Robert Pinsky was born in Long Branch, New Jersey, to a Jewish family. He earned his BA from Rutgers University, then earned his MA and PhD in philosophy from Stanford University, where he was named a Stegner Fellow in creative writing and studied with Yvor Winters. In 1961, Pinsky married clinical psychologist Ellen Jane Bailey, with whom he has three children.

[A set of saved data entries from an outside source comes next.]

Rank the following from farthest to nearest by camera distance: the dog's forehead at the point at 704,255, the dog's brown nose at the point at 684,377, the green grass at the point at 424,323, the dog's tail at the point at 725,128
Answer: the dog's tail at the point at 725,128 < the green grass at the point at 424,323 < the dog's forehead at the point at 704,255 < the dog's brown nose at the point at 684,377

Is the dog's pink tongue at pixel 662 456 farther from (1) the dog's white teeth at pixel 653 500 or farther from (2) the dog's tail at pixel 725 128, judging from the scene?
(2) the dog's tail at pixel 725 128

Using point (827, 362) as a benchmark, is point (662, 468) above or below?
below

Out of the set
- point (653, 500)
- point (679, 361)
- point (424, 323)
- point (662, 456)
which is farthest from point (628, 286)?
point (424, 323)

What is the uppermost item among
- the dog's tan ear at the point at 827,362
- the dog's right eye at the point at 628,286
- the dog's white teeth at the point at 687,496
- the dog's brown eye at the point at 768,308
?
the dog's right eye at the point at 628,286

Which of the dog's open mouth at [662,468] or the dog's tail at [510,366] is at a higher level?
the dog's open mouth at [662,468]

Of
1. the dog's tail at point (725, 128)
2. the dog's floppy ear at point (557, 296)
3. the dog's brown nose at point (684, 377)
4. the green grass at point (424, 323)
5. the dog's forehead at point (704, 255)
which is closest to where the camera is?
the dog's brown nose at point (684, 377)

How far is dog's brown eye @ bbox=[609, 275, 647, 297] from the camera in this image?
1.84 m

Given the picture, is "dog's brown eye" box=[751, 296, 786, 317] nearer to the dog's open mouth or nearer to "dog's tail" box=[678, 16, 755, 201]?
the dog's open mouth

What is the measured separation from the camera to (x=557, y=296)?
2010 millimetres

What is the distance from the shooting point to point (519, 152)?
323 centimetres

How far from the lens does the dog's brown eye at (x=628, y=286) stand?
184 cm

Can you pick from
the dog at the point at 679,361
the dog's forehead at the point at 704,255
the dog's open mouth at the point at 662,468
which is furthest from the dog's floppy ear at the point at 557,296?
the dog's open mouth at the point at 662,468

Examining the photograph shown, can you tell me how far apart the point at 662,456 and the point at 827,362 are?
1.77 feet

Pinsky is the author of numerous collections of poetry, most recently At the Foundling Hospital (Farrar, Straus & Giroux, 2016). The Figured Wheel (FSG, 1996) won the 1997 Lenore Marshall Poetry Prize and was nominated for the Pulitzer Prize. His multiple prose and critical works include The Sounds of Poetry: A Brief Guide (FSG, 1998), a finalist for the National Book Critics Circle Award, and his recent memoir Jersey Breaks: Becoming an American Poet (W. W. Norton, 2022). Pinsky has translated Czeslaw Milosz, Friedrich Schiller, and Dante; his The Inferno of Dante (FSG, 1994) was named a Book-of-the-Month-Club Editor’s Choice and won the Los Angeles Times Book Prize and the Harold Morton Landon Translation Award. He has also edited several anthologies, including the celebratory 25th anniversary volume of The Best of American Poetry, and wrote the libretto for the opera Death and the Powers: A Robot Pageant.

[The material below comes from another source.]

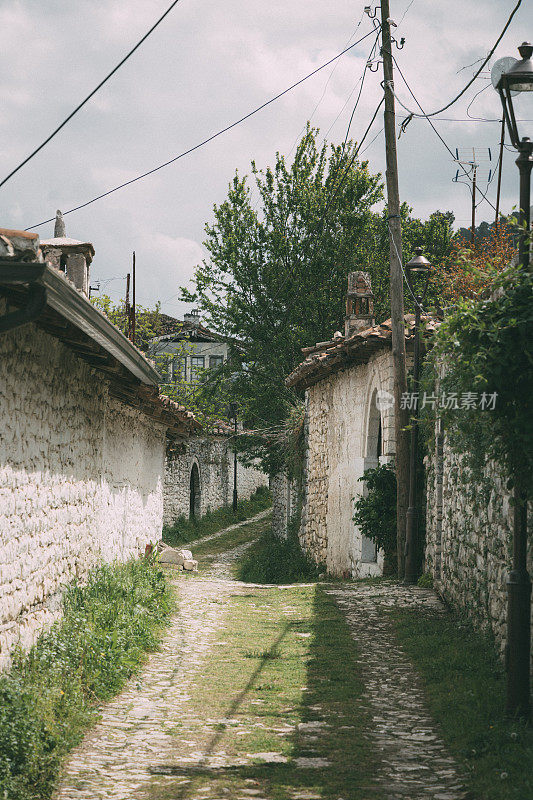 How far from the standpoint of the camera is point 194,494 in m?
30.0

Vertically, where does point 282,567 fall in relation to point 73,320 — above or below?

Pinsky served as the United States Poet Laureate from 1997 to 2000, serving an unprecedented three terms. In this role, he founded the Favorite Poem Project, a program dedicated to celebrating, documenting, and encouraging poetry’s role in Americans’ lives. His other honors include an American Academy of Arts and Letters award, the William Carlos Williams Award, the Shelley Memorial Prize, the PEN/Voelcker Award for Poetry, the Premio Capri, the Manhae Award, and the Harold Washington Award, as well as fellowships from the Guggenheim Foundation and the National Endowment for the Arts. He was a Chancellor for the Academy of American Poets from 2004 to 2010 and has served as poetry editor of Slate. Pinsky, who guest-starred on both The Simpsons and The Colbert Report, has taught at both Wellesley College and the University of California, Berkeley. He is currently director of the creative writing program and William Fairfield Warren Distinguished Professor at Boston University. He lives in Cambridge, Massachusetts.